When you have monitoring processes in place and decide which counters to use to track system performance, you should set performance goals for each operation so that you have benchmarks of satisfactory system performance to use as a basis for comparison. For information about setting and tracking performance goals for your Commerce Server site, see Chapter 19, "Maximizing Performance."

There are a number of different types of system failures:

  • Response failures 

  • Errors and access violations 

  • Memory and resource leaks 

  • Security failures 

  • Queuing 

  • CPU saturation 

  • Corruption 

Response Failures

When the program fails to respond, it is often because the CPU is at 100 percent utilization or because a process has become unresponsive. If the CPU is at maximum utilization (100 percent) for any length of time, a process is often executing what is known as a spinning thread, an endless loop in the code that leaves a thread executing and consuming CPU cycles. If a process becomes unresponsive, a thread has usually entered a state in which it is waiting for a resource that never becomes available.

In both cases, you should focus on isolating the path of code execution leading up to the failure. If this path points to an obvious section of code, you can identify and fix the problem. If no code path is apparent or the failure occurs in third-party components, you can use a tool like UserDump (contained in the Microsoft Windows 2000 Driver Development Kit) to create a process snapshot of all executing threads. You can use UserDump with the appropriate symbols and performance monitor log to identify what each thread was executing when it failed.

Errors and Access Violations

One characteristic of errors and access violations is that the executing process often just stops. The type of notification you receive when an error occurs depends on how errors are handled within the application. You might see a very detailed "Access Violation" message with addresses and numbers, or you might not see anything. When access violations occur inside COM+ server packages, the system restarts the process and logs an event in the event log. If an error or access violation occurs in Internet Information Services (IIS) 5.0, then the system often stops serving Active Server Pages (ASP) and reports various ASP failures.

You should focus on change control and process isolation to correct errors and access violations. These types of failures often occur after system updates when unreliable components have been introduced. You might separate process components into individual COM+ packages to isolate them. You can also use tools like IIS Exception Monitor and UserDump to monitor for and detect both of these types of failures.

Memory and Resource Leaks

You can often identify memory and resource leaks through standard System Monitor counters, such as Private Bytes. If necessary, you can also use COM+ packages to separate components, to help you identify which component is leaking resources. There are also numerous development and troubleshooting tools that can help you track and identify memory and resource leaks. For more information, see the "Additional Resources" section at the end of the book.

Security Failures

You can usually identify a security failure if an operation consistently fails for a specific user but works for other users who are logged on with Administrative rights. Keep in mind that some environments will access resources under different security contexts, depending on the configuration. This is especially true for IIS and COM+. You can configure operations to run under a static user account or under the account of the active user. You can change how IIS accesses resources, depending on how a client is authenticated. Take the time to understand security implications for these environments and always test a consistently failing operation as a system administrator to rule out a security configuration issue.

Queuing

Queuing is commonly associated with IIS, but the concept applies to many different environments. Most high-transaction systems employ some kind of thread pool that services client requests. When all threads are busy serving clients, requests are typically queued until a free thread becomes available or requests are serialized on a single thread. The most common characteristic of a problem with a queue is a slow or unresponsive server. For ASP, you might see a "Server Too Busy" message if there is a problem, but for an Internet Server Application Programming Interface (ISAPI), the server might fail to respond with any error message. However, in both cases, the system will recover if you remove client load from the server.

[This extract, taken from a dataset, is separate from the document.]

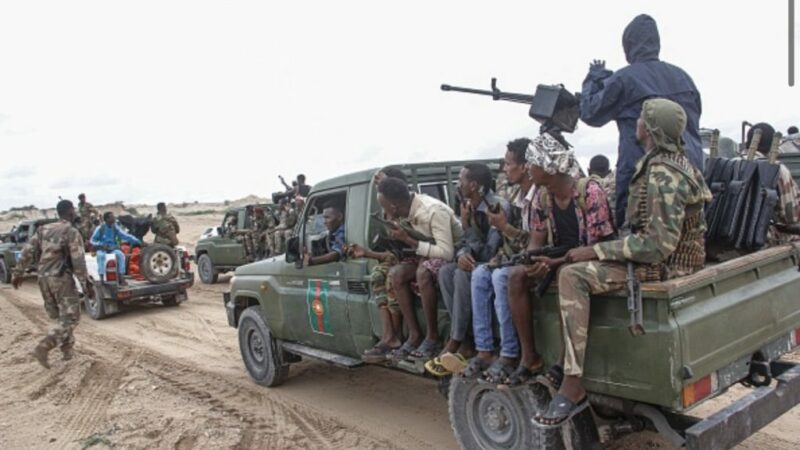 L’armée somalienne inflige une nouvelle perte aux terroristes d’Al-Shabaab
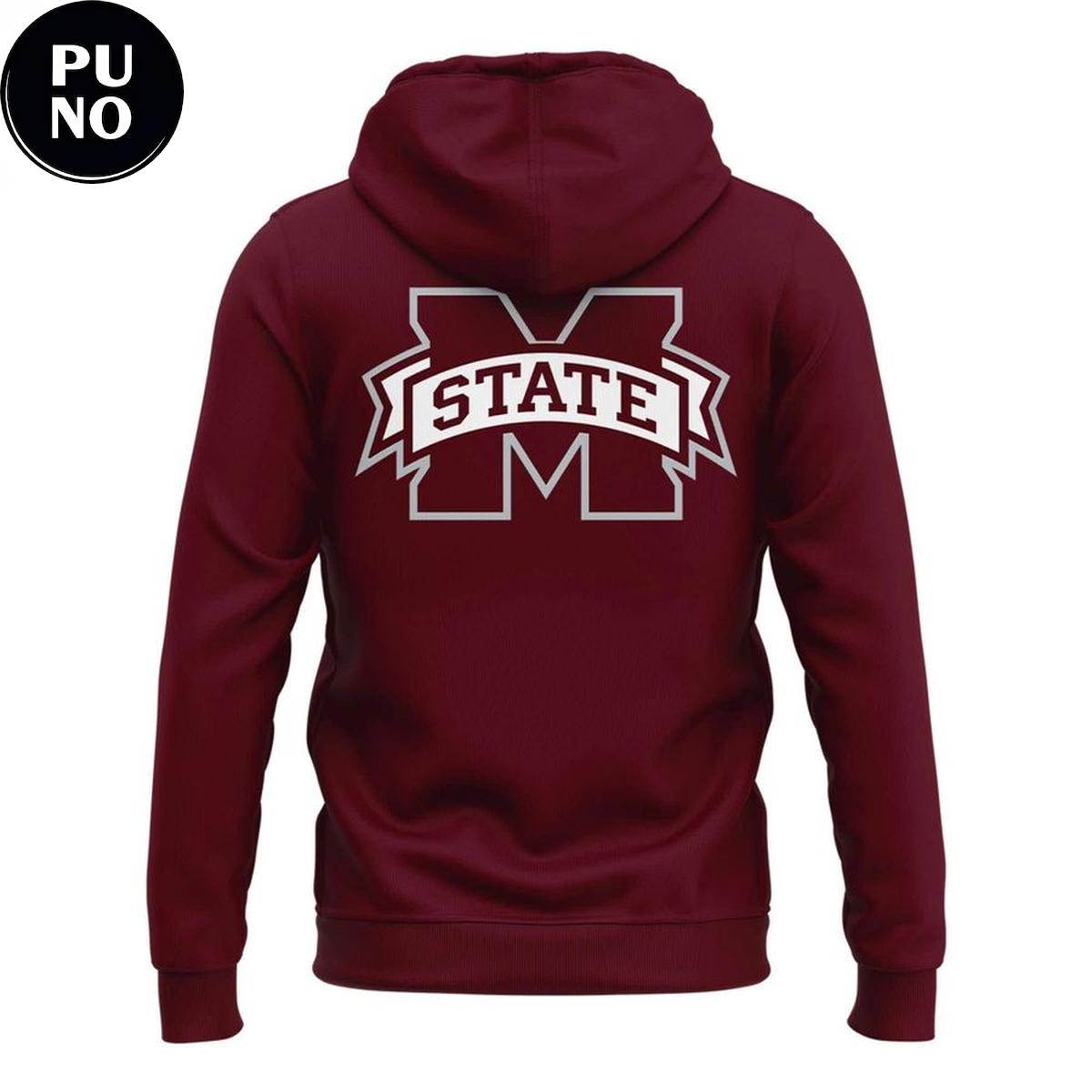 Mississippi State Bulldogs 2026 The Varsity Bully Hoodie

You can easily identify issues with IIS queuing through System Monitor counters (such as Active Server Pages, Requests Queued, and Requests Executing counters). Keep in mind that the ASP default thread queue is 25 threads per processor on IIS 5.0. When all 25 threads become busy, requests start queuing and IIS sends the "Server Too Busy" message. ISAPI does not use the ASP thread pool directly and, unless you implement a custom pool, it will reach its maximum number of requests at 256 concurrent requests.

Protect your thread pool by writing efficient code for common requests. It takes only one slow page to exhaust your thread queue in a high-traffic environment.

CPU Saturation

You typically identify CPU saturation through System Monitor or Task Manager. You can use either tool to find out when a system is under high CPU stress. When CPU levels consistently exceed 80 percent, you should increase the number of CPUs or the amount of processing power. When you troubleshoot CPU utilization, you should focus on the process that is consuming the most CPU time. On a well-optimized multiprocessor system, CPU load should be evenly distributed.

Watch for processes that are using excessive CPU time or that have a high number of threads, which could cause excessive context switching. One common misconception is that more processors and more threads mean better performance. In some situations, more CPUs and threads can actually decrease performance. Also remember that threads can become blocked on shared resources (shared data, default heap allocations, and so on) and that this type of software bottleneck limits the effectiveness of additional hardware. Stress testing, effective architecture, and code optimization are the best approaches to keeping CPU utilization down.

Corruption

Corruption is an extremely difficult problem to isolate. Corruption typically occurs from a boundary overwrite in memory. In many cases, it is the process heap that becomes contaminated. This type of problem often occurs without warning. As a result, you can end up chasing the effect of the problem, rather than the problem itself. The characteristics of corruption are generally random access violations or corrupt data.

If your memory is corrupted, you should focus on isolating components through COM+ or, in some cases, the use of a boundary-checking tool, heap checking API functions, or a small reproducible scenario that you can examine in a test environment.

Troubleshooting Your Commerce Server System

Cc936696.spacer(en-US,CS.10).gifCc936696.spacer(en-US,CS.10).gif

You should monitor your system logs on a regular basis to help avoid catastrophic failures and to enable you to respond to unexpected increases in server activity on a timely basis. Use a separate server that is not part of the run-time services to monitor your production servers. You don't want the process of monitoring to affect the performance or operation of your production server. Also, if you use a separate server, you will get a more accurate measurement of the true performance of your production servers.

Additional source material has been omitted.